The lower average speed and lack of difference in DEV 10 in the patients compared to the control group, indicate sway movements at a lower speed with retained amplitudes to be neuromuscular adaptive strategies, rather than more rapid, smaller adjustments (Table 5). These strategies may be the result of decreased proprioception [39], and a delay in muscle reaction time [4, 40, 41], which has been reported after an ACL injury, and thus, these strategies may be needed to generate sufficient afferent impulses to obtain dynamic stabilization of the knee joint. Another possible explanation may be that the patients had all undergone neuromuscular training, which may have affected the strategies of maintaining balance in single-limb stance compared with the control group who had not undergone such training. The clinical relevance of the fact that the patients' post-exercise values approached those of the control group, remains, however, unclear.
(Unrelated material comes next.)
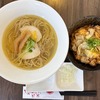 鶏そば 春木屋＠福山市「黄金のスープが奏でる慈愛の調べと 痺れる山椒が呼び覚ます親子の嘉味」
More research is needed to elucidate this further.

Conclusions

The results of the present study showed no differences in the effects of exercise between the patients and the controls. However, the injured leg was more affected or tended to be more affected directly after exercise than the control group, which indicates that patients with ACL injury react differently regarding their ability to maintain balance in single-limb stance after short-duration, sub-maximal cycling, than a control group of uninjured subjects. The patients used sway movements at a lower speed with retained amplitudes, which may be an expression of neuromuscular adaptive strategies.